Сашке было всего четыре года, когда меня с ее братом Андреем познакомили наши с ним общие друзья. Высокий, худощавый, с русыми волосами, и тонкими губами, парень вначале мне показался скромным и спокойным, даже слишком серьезным, для двадцати трех лет. Обычно парни в этом возраст любят легкость и воздушность. Вроде и не подросток уже, но еще и не мужчина. Сейчас бы кто-нибудь сказал: ни рыба, ни мясо. А меня вот он заинтриговал. То ли, опыта мало, то ли бес попутал. Кто сейчас разберет, что там со мной случилось. По крайней мере, я еще не встречала парней этого возраста с таким серьёзным выражением лица. Чему немного удивилась. Ему, как и мне пытались навязать новые отношения. Мы оба были против этого. Только вот спрашивать нас никто не собирался. Все произошло спонтанно. Как сейчас помню, лето, жара. Мне уже восемнадцать. И я, окончательно разочаровавшаяся в парнях.
1998–2001 года
Была у меня безответная любовь, длившаяся четыре года. Была, да сплыла, как снег по весне. Моя подруга детства Настасья, пышечка — шатеночка с длинными вьющимися от природы густыми волосами, выразительными колдовскими зеленоватыми глазами, но с чертовски милой и доброй натурой, прячущейся за отвратительно дерзким и нахальным характером, встречалась с нашим общим с ней соседом, со двора, Лехой. Наглым и самовлюблённым мальчишкой, который всегда ходил с гордо поднятой головой и высокомерным взглядом, одаривавшим нас простых смертных людишек. Он бесил меня неимоверно сильно. Все время задевал словами: «Лизка ты хоть целованная у нас? А то хочешь, научу?» За что всегда получал подзатыльник от моей подруги и лёгкий смешок: «Лешь, перестань. Не смешно ведь». А я, смущаясь и краснея от стыда, отворачивалась к ним спиной, пытаясь скрыть набегающие на глаза слезы обиды.

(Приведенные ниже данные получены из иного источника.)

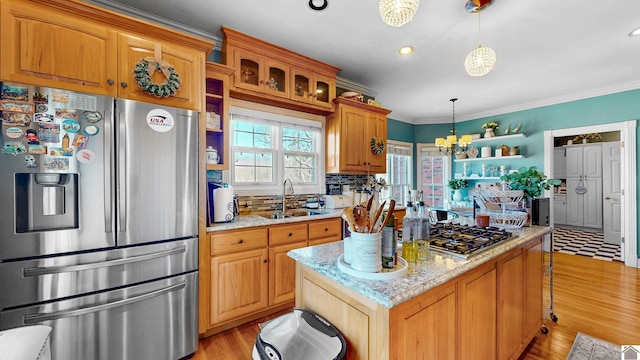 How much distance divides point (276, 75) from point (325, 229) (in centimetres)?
176

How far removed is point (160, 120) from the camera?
1.71 meters

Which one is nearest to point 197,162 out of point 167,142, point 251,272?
point 167,142

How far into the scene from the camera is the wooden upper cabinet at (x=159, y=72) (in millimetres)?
1663

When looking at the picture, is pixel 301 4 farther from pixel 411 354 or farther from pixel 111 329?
pixel 111 329

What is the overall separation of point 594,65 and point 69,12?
17.0ft

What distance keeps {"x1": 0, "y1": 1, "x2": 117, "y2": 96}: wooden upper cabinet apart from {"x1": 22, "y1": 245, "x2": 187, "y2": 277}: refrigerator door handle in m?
1.03

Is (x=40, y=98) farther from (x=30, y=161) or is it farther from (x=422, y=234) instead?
(x=422, y=234)

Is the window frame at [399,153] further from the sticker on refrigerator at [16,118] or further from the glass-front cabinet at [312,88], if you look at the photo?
the sticker on refrigerator at [16,118]

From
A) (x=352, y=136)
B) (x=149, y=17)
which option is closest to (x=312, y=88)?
(x=352, y=136)

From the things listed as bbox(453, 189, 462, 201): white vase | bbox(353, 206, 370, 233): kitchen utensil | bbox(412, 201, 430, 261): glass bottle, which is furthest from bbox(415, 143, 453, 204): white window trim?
bbox(353, 206, 370, 233): kitchen utensil

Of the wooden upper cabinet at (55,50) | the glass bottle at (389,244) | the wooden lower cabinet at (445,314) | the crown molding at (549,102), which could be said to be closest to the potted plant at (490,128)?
the crown molding at (549,102)

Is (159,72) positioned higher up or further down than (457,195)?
higher up

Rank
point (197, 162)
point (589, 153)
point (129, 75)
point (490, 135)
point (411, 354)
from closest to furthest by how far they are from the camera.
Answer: point (411, 354), point (129, 75), point (197, 162), point (490, 135), point (589, 153)

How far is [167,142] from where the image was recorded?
174cm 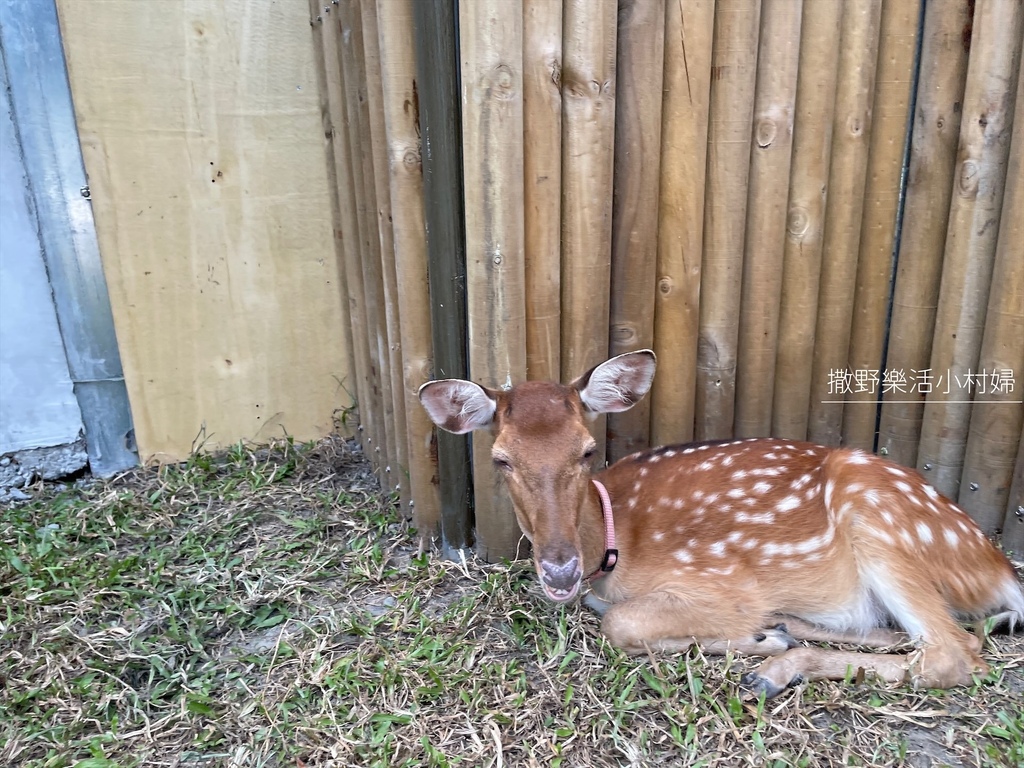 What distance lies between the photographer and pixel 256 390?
5.07 meters

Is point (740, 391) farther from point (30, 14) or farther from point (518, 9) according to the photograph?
point (30, 14)

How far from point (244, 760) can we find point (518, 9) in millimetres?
2911

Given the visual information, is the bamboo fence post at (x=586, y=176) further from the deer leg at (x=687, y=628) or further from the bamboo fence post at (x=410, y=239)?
the deer leg at (x=687, y=628)

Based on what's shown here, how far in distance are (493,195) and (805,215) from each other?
1.59 meters

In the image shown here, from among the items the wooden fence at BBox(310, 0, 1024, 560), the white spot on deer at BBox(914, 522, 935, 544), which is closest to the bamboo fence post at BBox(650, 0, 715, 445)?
the wooden fence at BBox(310, 0, 1024, 560)

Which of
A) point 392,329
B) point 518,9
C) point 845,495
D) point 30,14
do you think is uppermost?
point 30,14

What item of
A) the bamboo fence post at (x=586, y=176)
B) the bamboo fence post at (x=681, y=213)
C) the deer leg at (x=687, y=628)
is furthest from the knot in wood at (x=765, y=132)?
the deer leg at (x=687, y=628)

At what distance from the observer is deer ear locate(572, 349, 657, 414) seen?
3.11 meters

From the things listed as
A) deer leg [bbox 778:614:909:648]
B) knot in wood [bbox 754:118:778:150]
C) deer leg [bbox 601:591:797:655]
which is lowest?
deer leg [bbox 778:614:909:648]

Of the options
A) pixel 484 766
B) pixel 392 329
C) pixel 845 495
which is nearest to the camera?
pixel 484 766

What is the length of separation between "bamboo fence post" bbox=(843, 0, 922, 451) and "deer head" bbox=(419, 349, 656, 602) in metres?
1.54

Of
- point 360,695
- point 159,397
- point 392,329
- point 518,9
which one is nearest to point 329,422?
point 159,397

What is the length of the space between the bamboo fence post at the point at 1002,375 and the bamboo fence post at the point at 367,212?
9.67 ft

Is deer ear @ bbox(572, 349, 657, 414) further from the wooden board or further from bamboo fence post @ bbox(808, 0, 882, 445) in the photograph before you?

Кто же виноват в том, что в свои не полные тогда шестнадцать лет все еще оставалась девственницей? Ну не попался мне на пути еще тот единственный, расстрелять меня теперь что ль? Хотя нет, встретился, конечно, только вот мы даже толком не были знакомы. А я просто грезила им ночами, исписывая тонкую тетрадь любимым именем и старательно вырисовывая сердечки. Потихонечку да помаленечку, вытягивая у подруги информацию о Ярославе. На удивление, Леша даже дразнить меня перестал. Отнеся видимо с понимание, или подружка моя поговорила с ним так основательно. Вряд ли уже узнаю. Как говориться прошла любовь, завяли помидоры. Когда интерес пропадает, то и знать что-либо об этом человеке уже ничего не хочется. Нет, не так. Вначале просто стыдно было так наглеть и расспрашивать, что, да почему, да как. И только потом уже прошла любовь. И неприятный осадок на душе.
Что Настасья нашла в Лехе, для меня осталось загадкой, а я и не вмешивалась в их отношения. Так получилось, кто-то сказал ей, что Лешу видели под ручку с какой-то девицей, вот она меня и потащила за компанию наводить с ним разбор полетов. Пока мы с Настасьей учились в школе, в одном классе, Леша уже обучался в техникуме, на строителя, на втором курсе. Ярослав Смольников был его одногруппником. Высоким, спортивного телосложения, шатеном с веснушками на щеках. Вечно озорной улыбкой на слегка припухших губах, и удивительно пронзительным взглядом цвета шоколада. Весельчак и заводила в компании. Душка с огромным сердцем добряка. Я как увидела его, не могла глаз оторвать. Мне же хватило двух минут, чтобы влюбиться в его улыбку и солнечный взгляд, когда он поверхностно пробежался взглядом в мою сторону. Только так и не решилась подойти познакомиться. Скромненько удалилась в сторонку и наблюдала за Яром на расстоянии около двадцати метров, прислонившись к дереву, тень которого скрывала мой откровенный взгляд в его сторону.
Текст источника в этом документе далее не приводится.